Notre proposition : « met en œuvre un programme de recherches » est plus pertinente que celle du texte gouvernemental proposé aux députés « la mise en œuvre de procédures d’évaluation des risques encourus » est placée après la décision. Ceux ci ont fort logiquement inversé les termes en mettant d’abord l’expertise puis ensuite la décision pour aboutir au texte qui est dans la constitution.
La problématique de l’incertitude de la connaissance se situe dans le domaine de la recherche et non celle de l’expertise des risques. L’objectif poursuivi par notre rédaction était que la décision d’appliquer le principe de précaution par les autorités publiques soit directement liée à la mise en œuvre des moyens de recherche nécessaires pour lever les incertitudes. En accélérant et en organisant la recherche les autorités vont diminuer la durée de l’application du principe de précaution pour passer le plus rapidement possible soit à des mesures en application de principe de prévention (car l’analyse coût/avantage est devenue possible) soit par la levée des mesures qui ne s’avèrent plus justifiées.
L’allocation suffisante des moyens en recherche sur ces questions reste posée. Vous le vivez quotidiennement. Faute de pouvoir s’appuyer sur le texte il faut sans doute évaluer avec précision les domaines où nous avons besoin de recherche. Je ne crois pas trop m’avancer, en disant que l’épidémiologie reste une faiblesse française.
Je me demande si votre réseau ne pourrait pas faire une cartographie des manques de compétences scientifiques, en les mettant en perspective avec nos partenaires, notamment européens. Cela permettrait de donner aux pouvoirs publics une information qui permette d’orienter le budget de recherche publique et donc son intégration dans la LOLF.
Sur le plan de la procédure, je proposais dans mon article de 1997 un schéma progressif en trois étapes : 1/ veille, 2/ vigilance et préalerte, 3/ application du principe de précaution. Je cite : « Il est sans doute possible d’ajouter des niveaux intermédiaires, mais il est important d’établir une progressivité lisible par tous les acteurs concernés, tant médias et citoyens que responsables politiques ou économiques. En effet, quand un problème passe du stade 1 au stade 2, un entrepreneur rationnel va adopter une stratégie de dégagement ou d’innovation puisque ses risques économiques augmentent. En favorisant très tôt la diffusion de cette information, notamment en direction des PME, on peut éventuellement aboutir à des substitutions sans avoir besoin d’une réglementation contraignante. Au stade 3, on considérerait que l’ampleur du risque potentiel ou la connaissance scientifique est suffisante, et que l’action s’impose à tous en application du principe de précaution ou de prévention. »

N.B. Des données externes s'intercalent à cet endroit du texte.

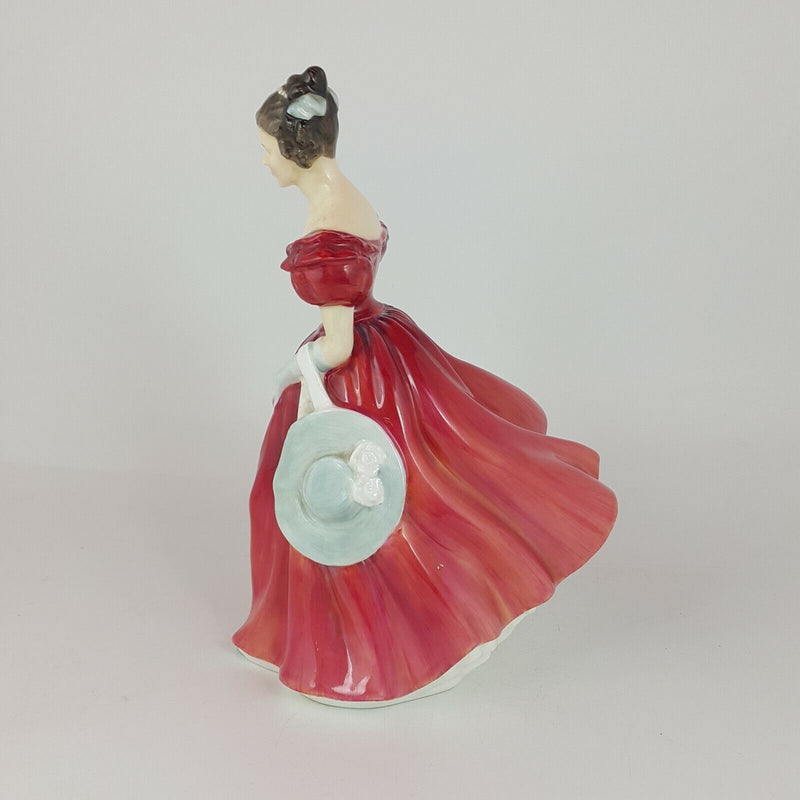 Royal Doulton Figurine HN2220 - Winsome - RD 5566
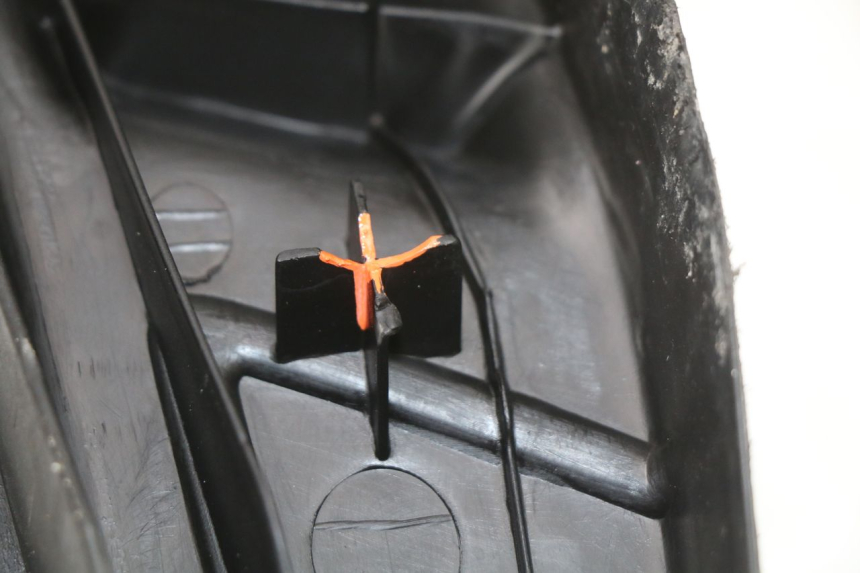 photo de ESTRIBO PIAGGIO ZIP 2T 50 (2009 - 2019) - Recambio usado revisado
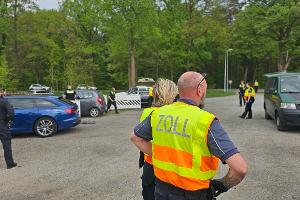 Gemeinsame Verkehrskontrolle mit Einsatzkräften der Polizeiinspektion Stade und dem Zoll - Zielrichtung Verkehrstüchtigkeit - Zahlreiche Verstöße festgestellt
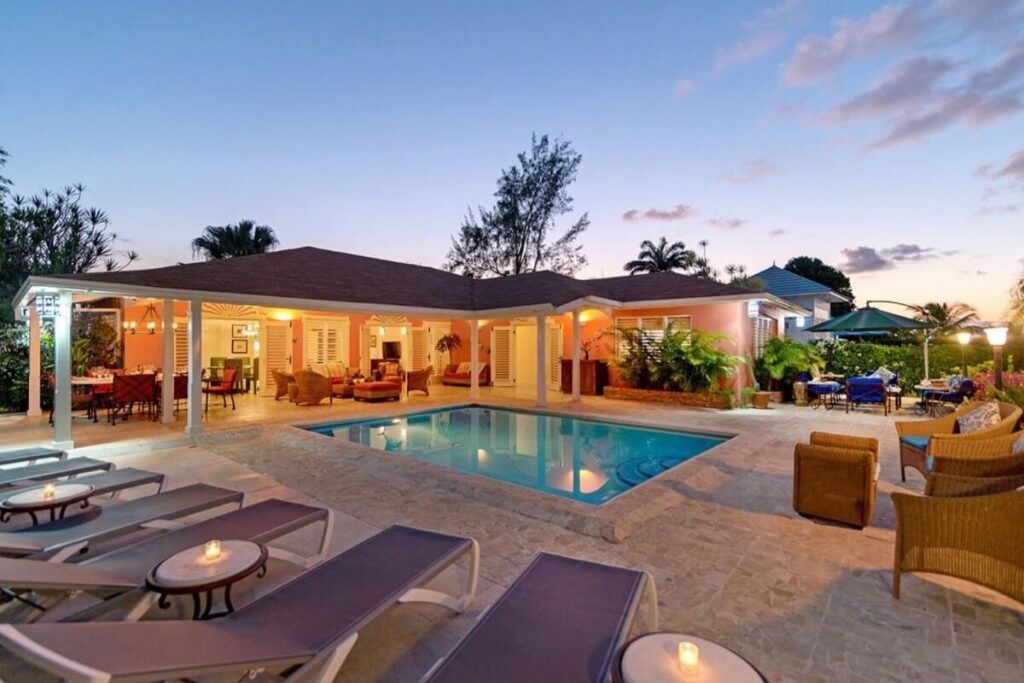 Trelawny_Villa_Poolside_Evening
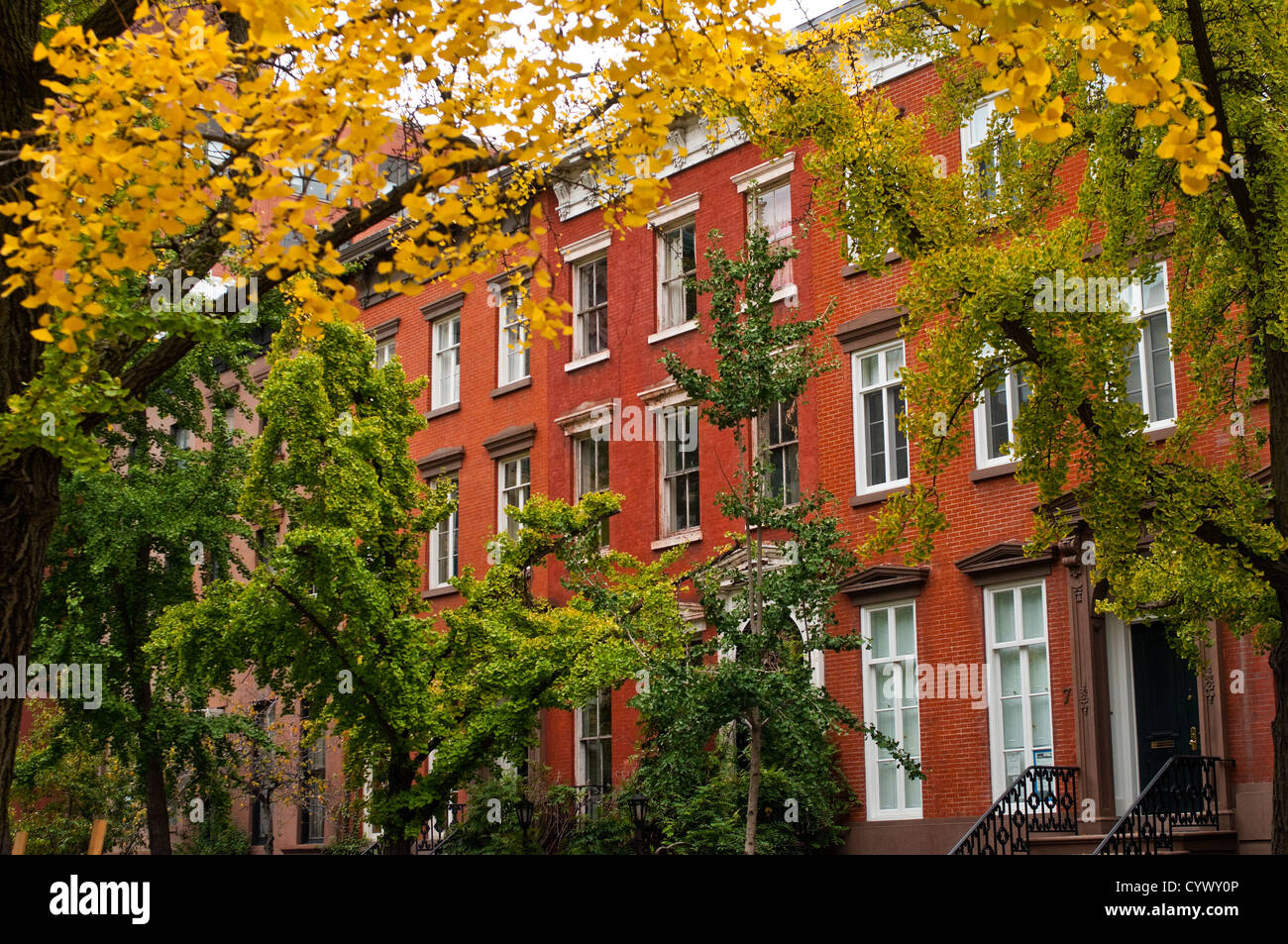 New York, NY - 28 Ott 2012 greco e rinascimentale in stile Revival row case nel Greenwich Village Foto Stock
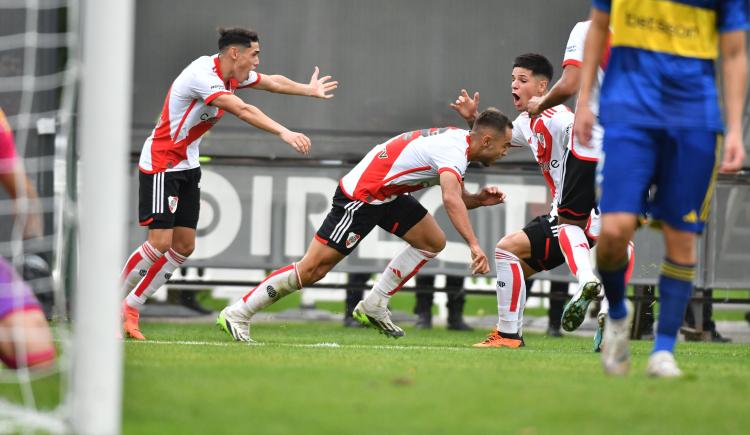 Imagen de River superó a Boca en el Superclásico de Reserva y lo eliminó de la Copa Proyección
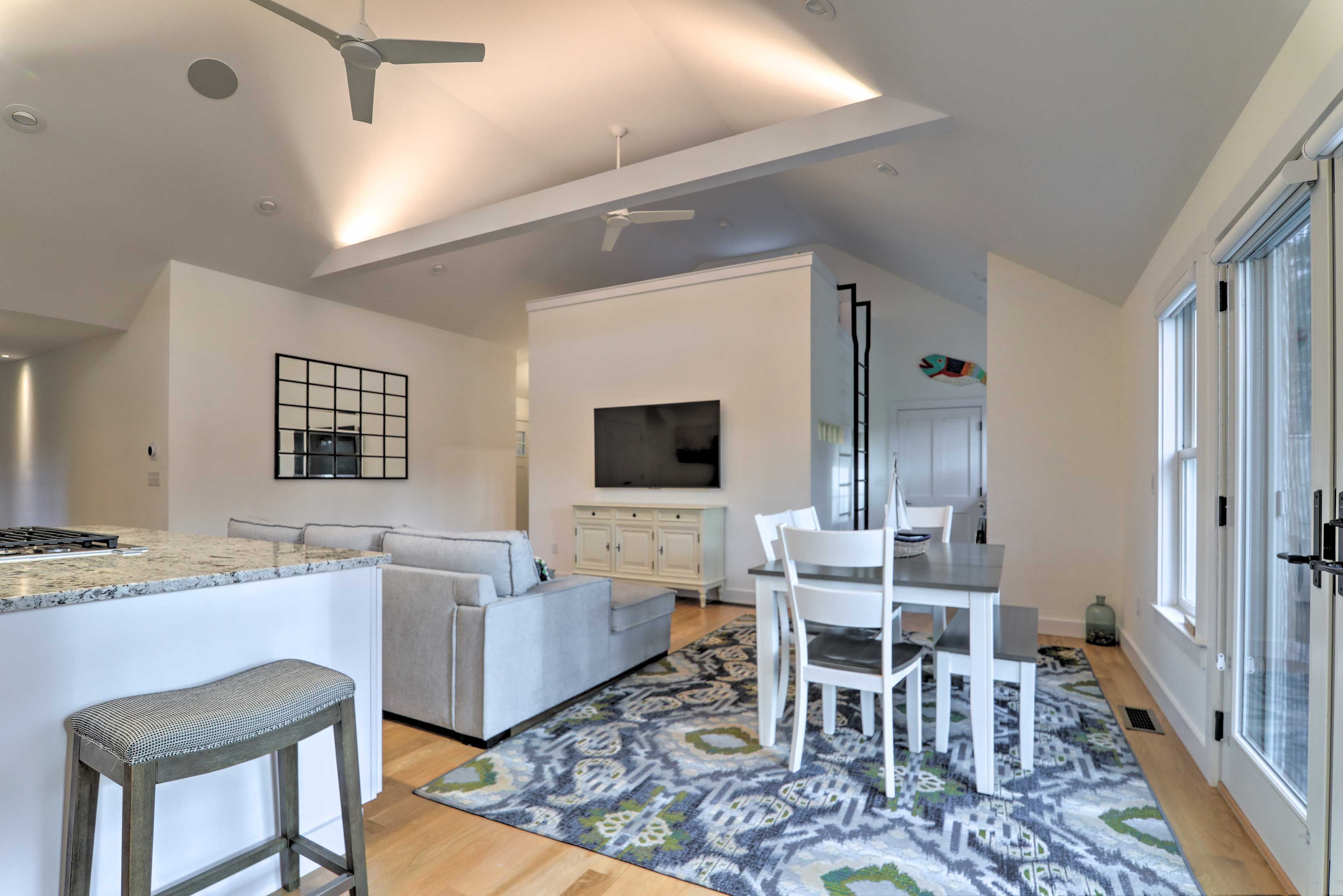 Dining Area | Dishware/Flatware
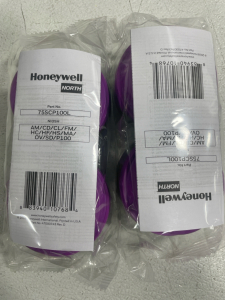 (1) Silicone Half Mask (2) Sets of Honeywell North Filters (1) Full Face Gas Mask Respirator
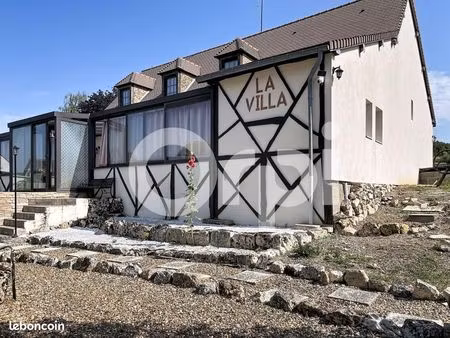 maison 6 pièces 269 m²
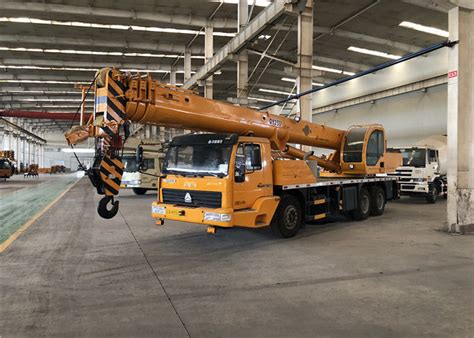 42 Drive Left Hand Drive Hydraulic Truck Bed Crane Max Lifting Height 28m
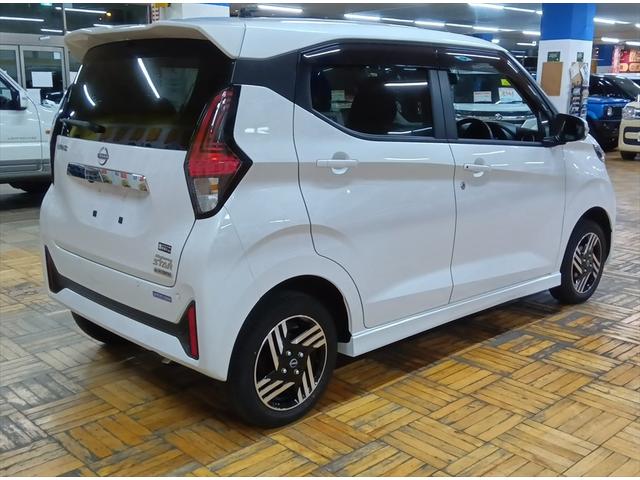 デイズ ハイウェイスター　Ｘ　アラウンドビューモニター　４ＷＤ　衝突軽減ブレーキ　踏み間違い防止　コーナーソナー　電格ミラー　ＥＳＣ　シートヒータ　禁煙車　ＵＳＢ　オートライト　ＬＥＤライト　インテリキー　アイドリングストップ（5枚目）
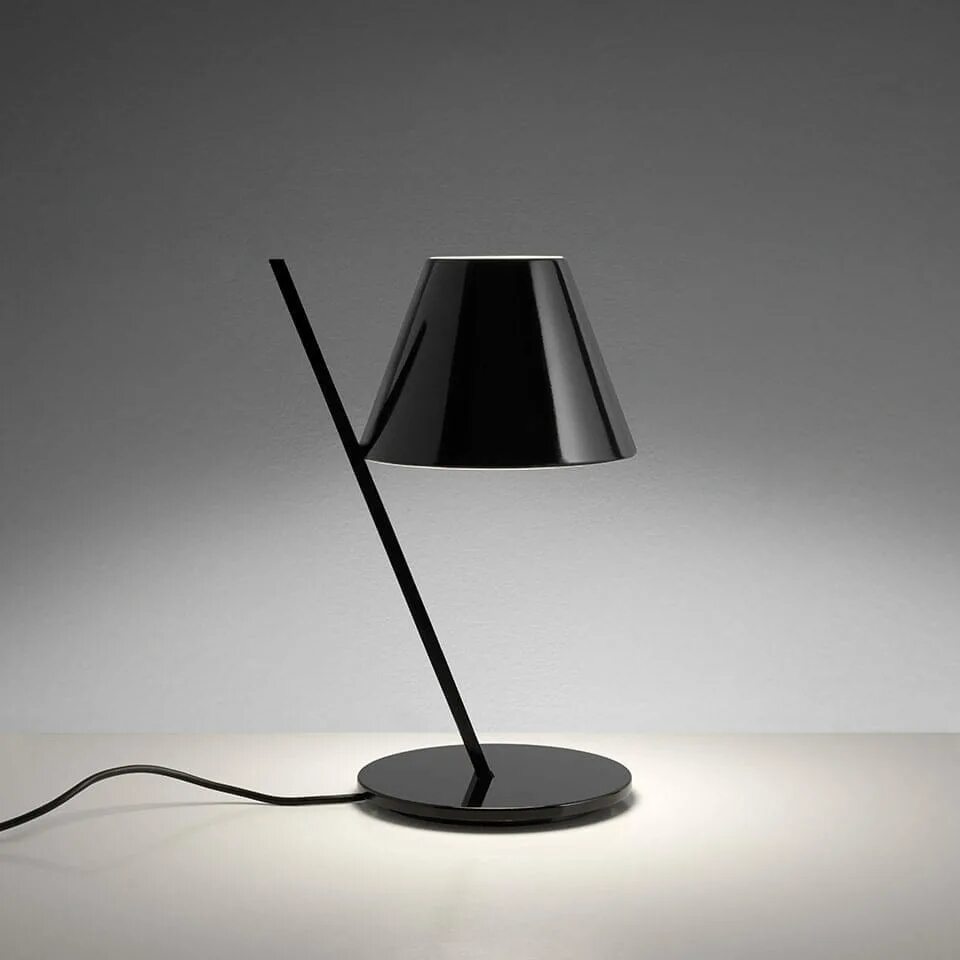 Настольная лампа lamp. Торшер la petite фабрики artemide. настольный светильник artemide. artemide laguna table lamps. абажур artemide.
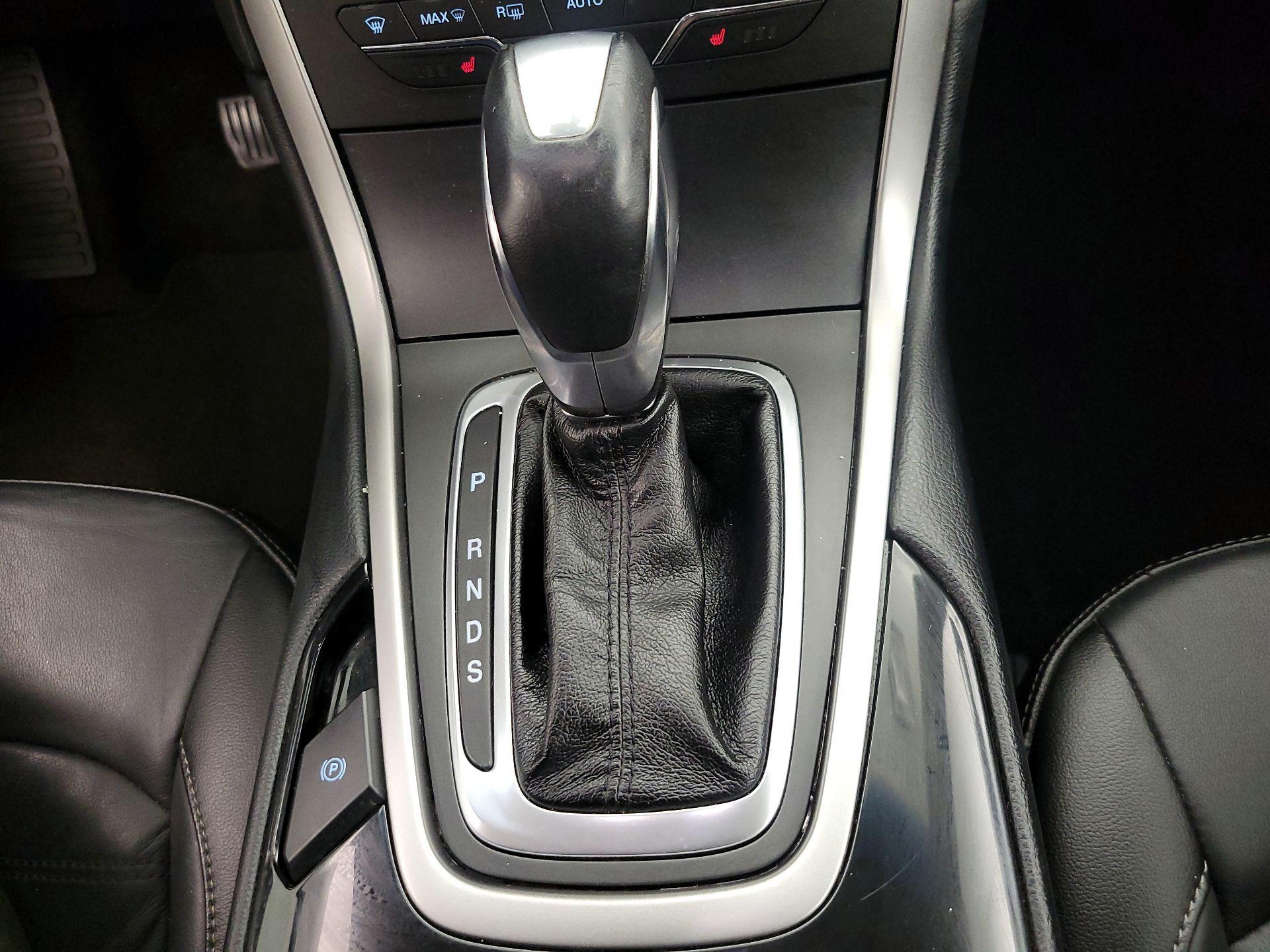 Thumbnail: 2017 Ford Edge - 17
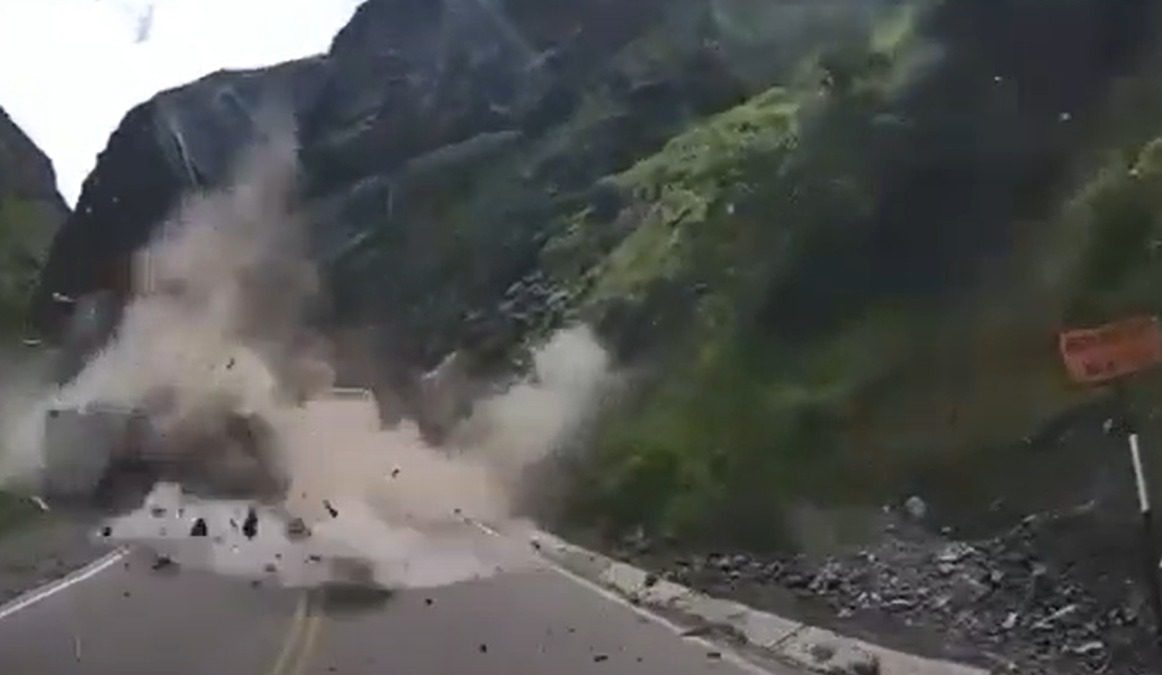 Pedras gigantes se desprendem e esmagam caminhões no Peru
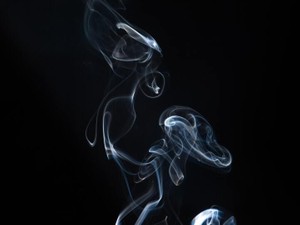 父の象徴であるタバコの匂い。苦手なのに目は煙を追いかける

En proposant cette méthode je m’inspirais des risques nucléaires et de l’échelle sur les incidents dans les centrales. Avant l’échelle, le moindre incident était traité dans la presse comme un Tchernobyl bis, ensuite la communication s’est refroidie.
Ce type d’échelle pour la précaution assurerait une transition lisible et compréhensible entre les niveaux de certitude, et peut être de décliner les bonnes politiques (y compris veille et recherche ) et les bonnes procédures à chaque stade. Elle permettrait de mieux communiquer sur une classe de problèmes, ceux qui font l’objet de controverse et ceux qui sont établis.
Je souhaitais partager avec vous ces quelques réflexions. Bien d’autres questions bien entendu se posent à vous : votre indépendance et la gestion des intérêts des experts, la façon de communiquer avec les médias, la nécessité d’améliorer les connaissances sociologiques des cibles grand public…
Mai j’ai limité mon propos, pour laisser du temps aux échanges.